Saved entries:
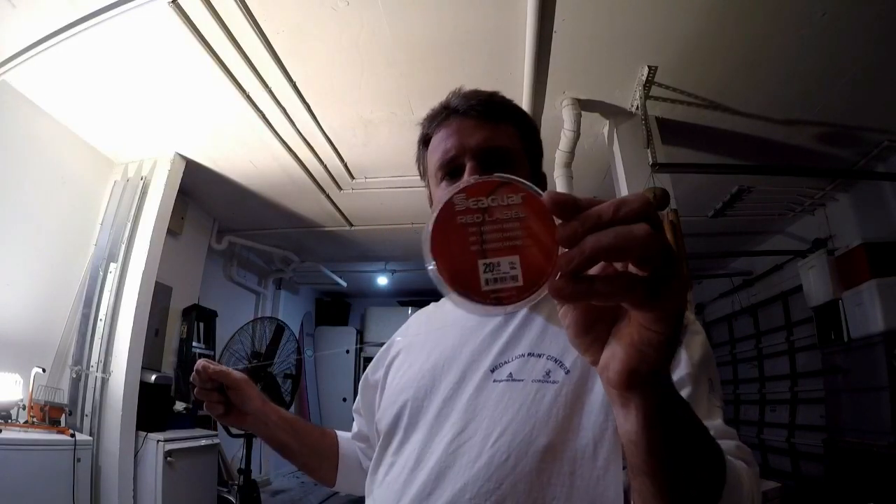The method I use when targeting Mutton Snapper is a conventional reel. I've been going on deep wrecks between 135 and 160 feet. I put an ounce-and-a-half egg sinker on it with a little barrel swivel. Then I put a 15 to 20 foot leader on it. That keeps my terminal tackle way away from my hook, so when my sinker hits the bottom floor it's not going to spook the fish. It also lets my bait flow back naturally.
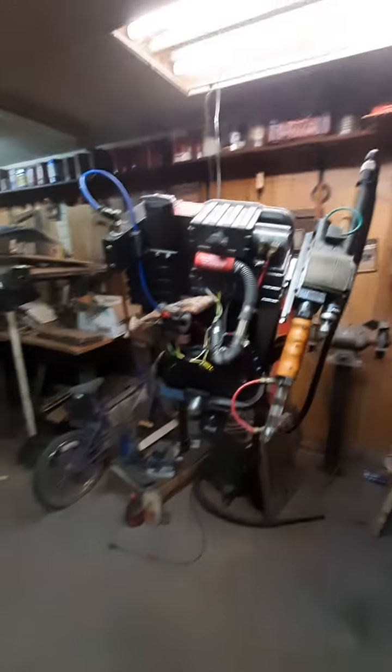I brought it down here to my workshop so I can get a good 360 of the pack. This is based off the Afterlife, so there's a bunch of power stuff.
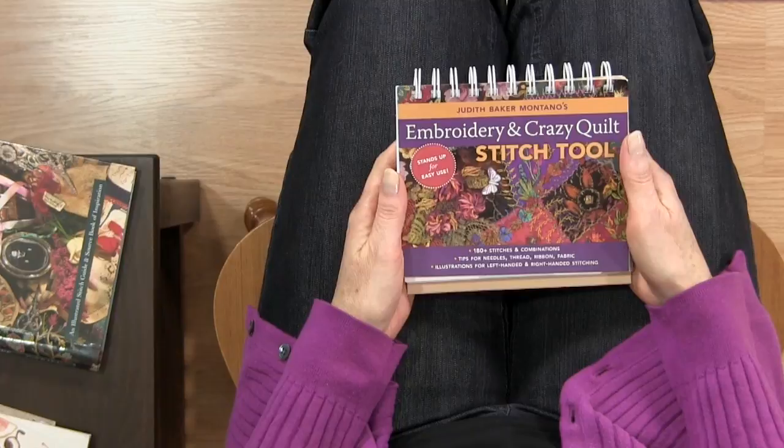Hi, I'm Kim Jamieson Hurst of Chatterbox Quilts, and today I want to show you some of my favorite hand embroidery books. Some of these are reference books that I refer to again and again, and others I find are great for inspiration.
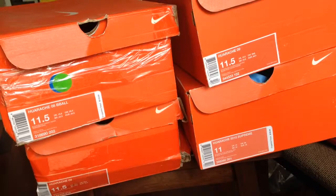Alright man, so here's another one. I know I blog a little bit here and there, and one of my favorite shoes I've ever enjoyed playing in was the Huarache 09. The Huarache 08 was dope and the Huarache 2010 was dope.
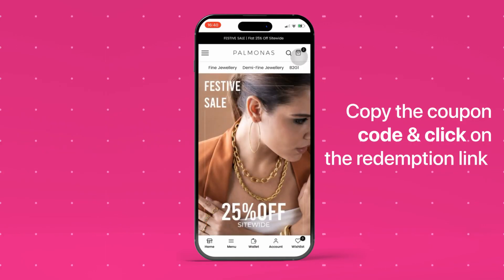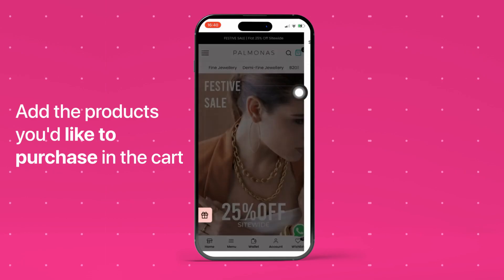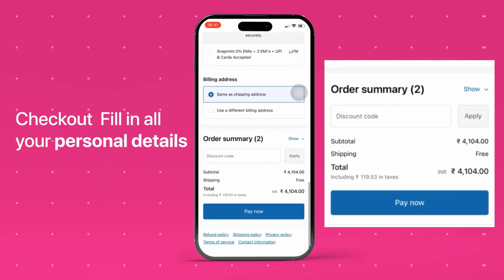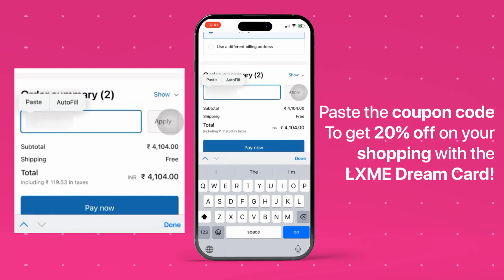Copy the coupon code and click on the redemption link. Add the products you'd like to purchase in the cart and checkout. Fill in all your personal details and paste the coupon code.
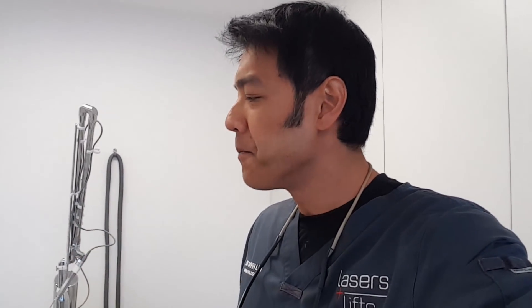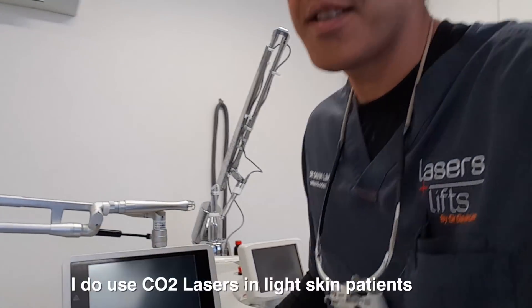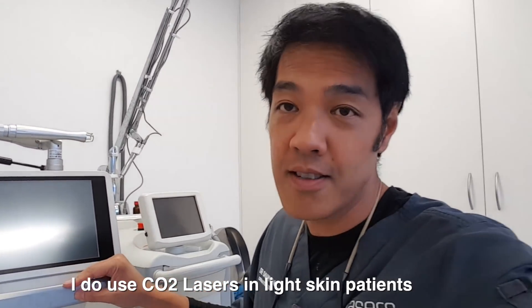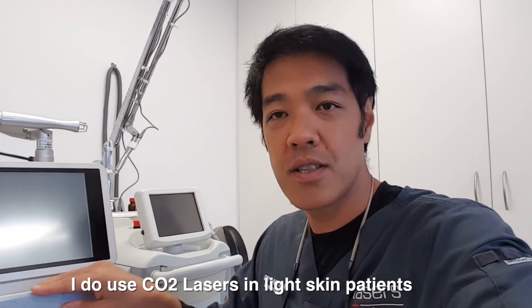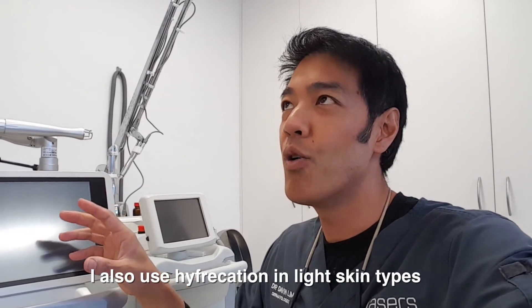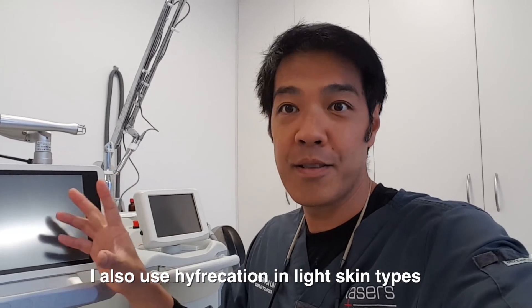I'm going to teach you four methods about how to remove them, but I'll show you two. This is one of my two favorite methods. For a fairer skin type, I do use a CO2 laser with a one-millimeter spot size to ablate or desiccate and remove these age spots.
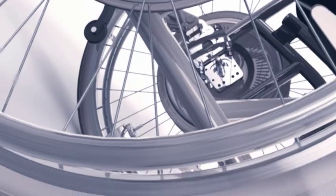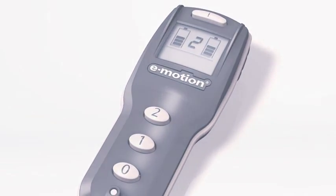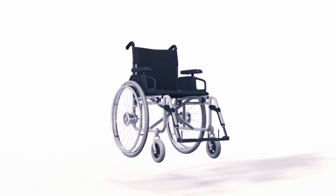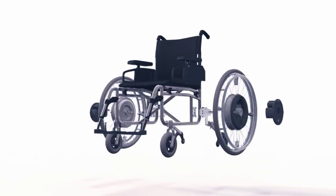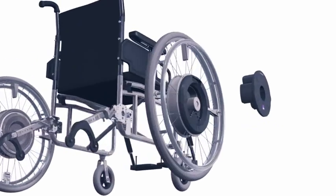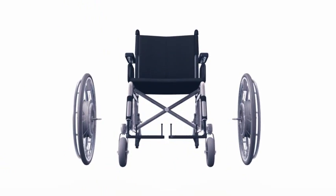E-Motion. Power at your hands. Power assist for wheelchairs. Electric motors integrated in the wheel hubs give your wheelchair an extra portion of power for climbing slopes and overcoming long distances with no trouble at all.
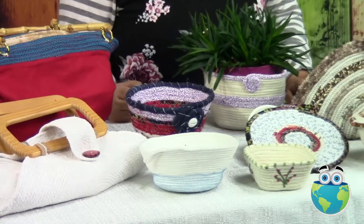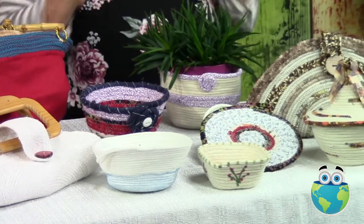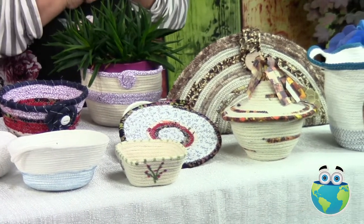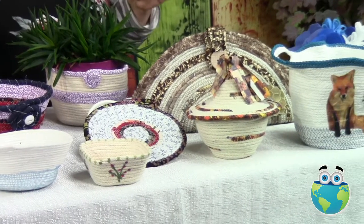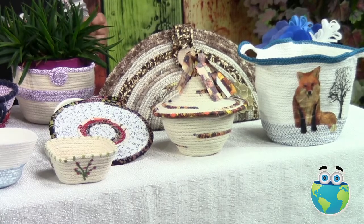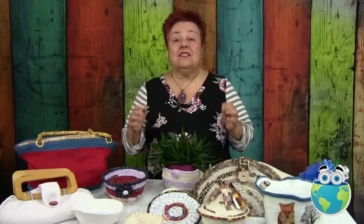Oh yes, I almost got all confused here because it is so fun. This is my next course here at Curious Mondo, and I'm going to teach you different formats of bows that you can make with cotton rope, different types of utilitarians for you to use in your home, some bags and purses so you can go out in real good fashion, and how to turn all this into some soft pottery, a type of art that you're just going to adore.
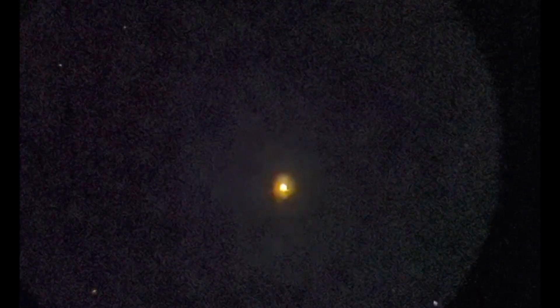Let's pick an object — let's go to the Wild Duck Cluster. All right, there's the Wild Duck Cluster. Pretty amazing, and you can do this basically anywhere you want with this power tank.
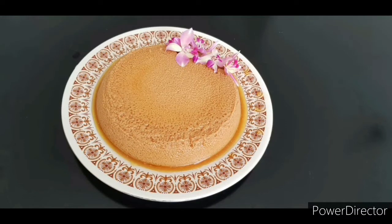Welcome to the Tharoos Cafe YouTube channel. I will show you how to cook a butterscotch pudding.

■ TASK DETAILS: Your answer should consist of the lines above between those holding "I'm going to teach you four" and "Let's pick an", inclusive, reproduced word for word and without pictures.

■ RESPONSE AREA:
I'm going to teach you four methods about how to remove them, but I'll show you two. This is one of my two favorite methods. For a fairer skin type, I do use a CO2 laser with a one-millimeter spot size to ablate or desiccate and remove these age spots.
E-Motion. Power at your hands. Power assist for wheelchairs. Electric motors integrated in the wheel hubs give your wheelchair an extra portion of power for climbing slopes and overcoming long distances with no trouble at all.
Oh yes, I almost got all confused here because it is so fun. This is my next course here at Curious Mondo, and I'm going to teach you different formats of bows that you can make with cotton rope, different types of utilitarians for you to use in your home, some bags and purses so you can go out in real good fashion, and how to turn all this into some soft pottery, a type of art that you're just going to adore.
Let's pick an object — let's go to the Wild Duck Cluster. All right, there's the Wild Duck Cluster. Pretty amazing, and you can do this basically anywhere you want with this power tank.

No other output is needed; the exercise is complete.